## Exercise brief
Write out, please, each line from the one containing "벤츠 GLC 클래스 GLC클래스" to the final line of the data, both included, exactly and without pictures.

## Data shown
*** Block opens ***

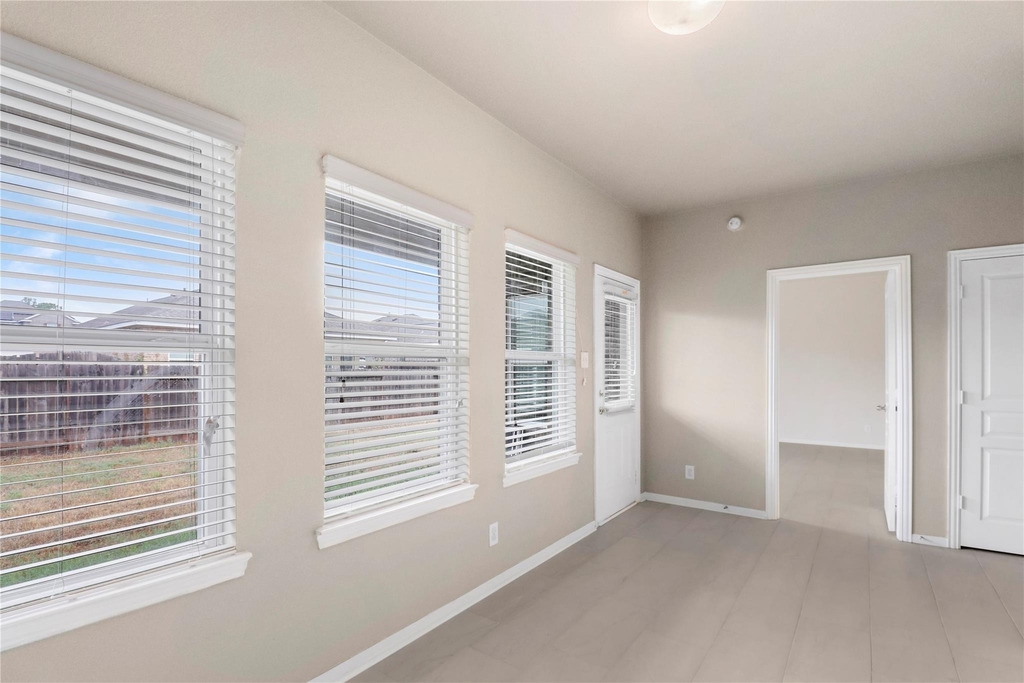 21239 Flowering Crape Myrtle Drive - Photo 22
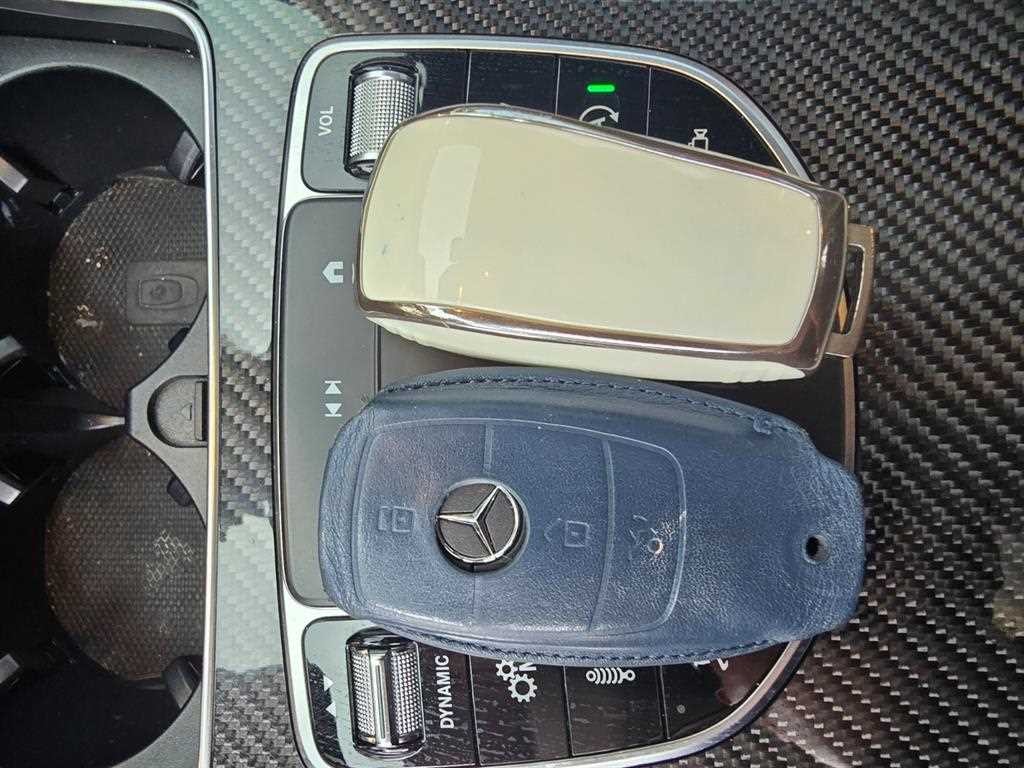 벤츠 GLC 클래스 GLC클래스 X253 AMG GLC 43 4MATIC 이미지 11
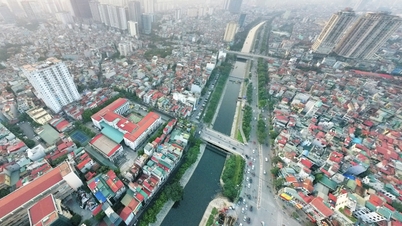 Dredging and beautifying both sides of To Lich River and urgently adding water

*** Block closes ***

## Solution to the problem
 벤츠 GLC 클래스 GLC클래스 X253 AMG GLC 43 4MATIC 이미지 11
 Dredging and beautifying both sides of To Lich River and urgently adding water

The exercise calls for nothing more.